© JUNGE FREIHEIT Verlag GmbH & Co. www.jungefreiheit.de 04/06 20. Januar 2006

Vorgeschobener Posten
Fundstelle Festschrift: Ernst Jünger und die Justiz an der Jade
Wolfgang Müller

Wer vermutet in einer Festschrift unter dem Titel "Tota Frisia in Teilansichten", gewidmet Hajo van Lengen, dem Direktor der Ostfriesischen Landschaft in Aurich, eine ausführliche Studie über Ernst Jünger?
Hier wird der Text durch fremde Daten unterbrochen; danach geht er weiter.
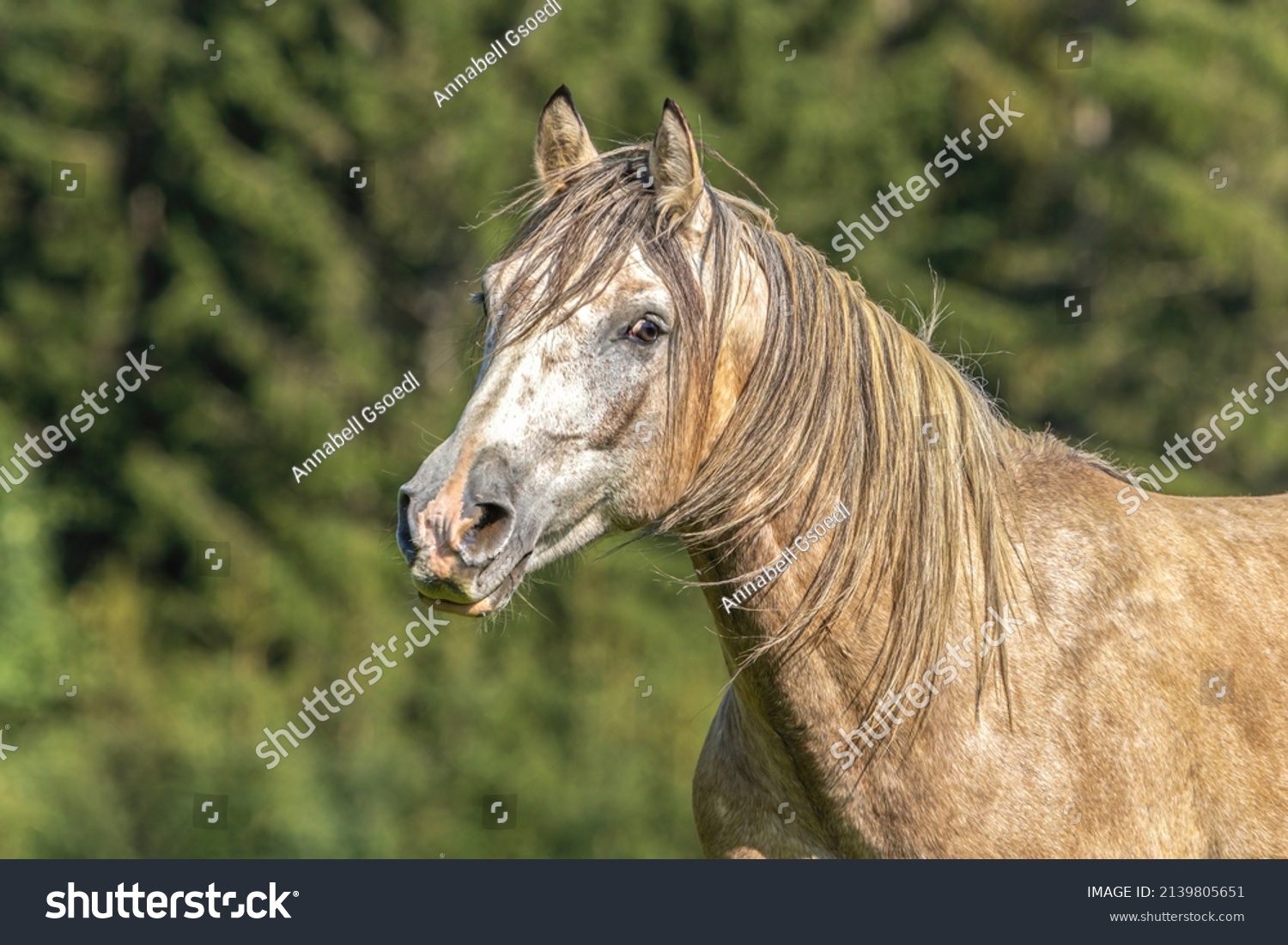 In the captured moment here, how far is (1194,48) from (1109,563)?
13.5 m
Den Autor der "Marmorklippen", passionierten Leser und Antiquariatskunden, auf subtiler Jagd nach entlegenen Lektüren nie einem literarischen "Kanon" folgend, hätte es jedenfalls gefreut, sich an so versteckter Stelle entdecken zu können.
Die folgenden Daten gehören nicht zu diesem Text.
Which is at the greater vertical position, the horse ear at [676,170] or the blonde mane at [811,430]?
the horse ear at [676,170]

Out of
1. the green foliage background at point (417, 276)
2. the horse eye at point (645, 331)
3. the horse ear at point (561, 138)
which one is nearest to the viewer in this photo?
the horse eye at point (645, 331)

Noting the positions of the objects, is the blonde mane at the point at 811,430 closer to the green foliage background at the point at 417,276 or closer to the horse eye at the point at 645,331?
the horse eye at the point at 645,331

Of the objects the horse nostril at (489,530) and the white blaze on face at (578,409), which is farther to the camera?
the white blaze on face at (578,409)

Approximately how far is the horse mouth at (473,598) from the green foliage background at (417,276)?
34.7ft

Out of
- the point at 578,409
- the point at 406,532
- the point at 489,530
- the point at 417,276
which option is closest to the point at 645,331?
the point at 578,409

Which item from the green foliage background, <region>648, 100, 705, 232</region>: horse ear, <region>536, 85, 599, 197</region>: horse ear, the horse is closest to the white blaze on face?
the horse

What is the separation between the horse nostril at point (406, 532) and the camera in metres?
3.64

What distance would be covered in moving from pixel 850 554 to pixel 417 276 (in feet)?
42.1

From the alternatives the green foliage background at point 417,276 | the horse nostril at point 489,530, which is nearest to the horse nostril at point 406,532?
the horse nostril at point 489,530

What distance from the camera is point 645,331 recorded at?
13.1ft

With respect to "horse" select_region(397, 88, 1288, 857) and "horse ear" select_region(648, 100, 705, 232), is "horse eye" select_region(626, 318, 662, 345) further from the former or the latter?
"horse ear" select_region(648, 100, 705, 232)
Der Festschrift-Beitrag von Martin Tielke ("Der Schmerz als Währung unserer Zeit. Ernst Jünger in Wilhelmshaven") nimmt seinen Ausgang mit einer heimatkundlich-akribischen Rekonstruktion der Umstände, die Jüngers Sohn "Ernstel" und Wolf Jobst Siedler 1944 in die Gefahr eines Todesurteils brachten. Wenn die beiden Marinehelfer ihre "defaitistischen" Äußerungen nur mit Gefängnisstrafe und Frontbewährung büßten, war das Jüngers glänzenden Verbindungen und, wie Tielke nachweist, der gewöhnlich nicht zimperlichen "Justiz an der Jade" unter dem "weißen", nicht-nationalsozialistischen Gerichtsherrn Admiral Ernst Scheurlen zu verdanken.

Daß Jüngers Sohn dann im November 1944 bei Carrara fiel, für den Führer, dessen Aufknüpfung er als Marinehelfer gefordert hatte, zählt für Tielke zu den Paradoxien des Weltbürgerkriegs, in dem der Vater einen "vorgeschobenen Posten" bezogen hatte. Jüngers "Grenzgängertum zwischen Leben und Tod", nach 1933 so gefährlich wie der Kampf in den "Stahlgewittern" des Ersten Weltkrieges, arbeitet Tielke facettereich heraus, gegen Kontrastfiguren wie Thomas Mann in seiner "Loge im sicheren Pacific Palisades", oder simplifizierende Interpreten wie Helmut Lethen, der, mit Blick auf sein Verhältnis zu den Exterminationen im Rücken der Ostfront, Jünger gern zum Prototyp der empfindungslos "kalten Persona" stilisiert.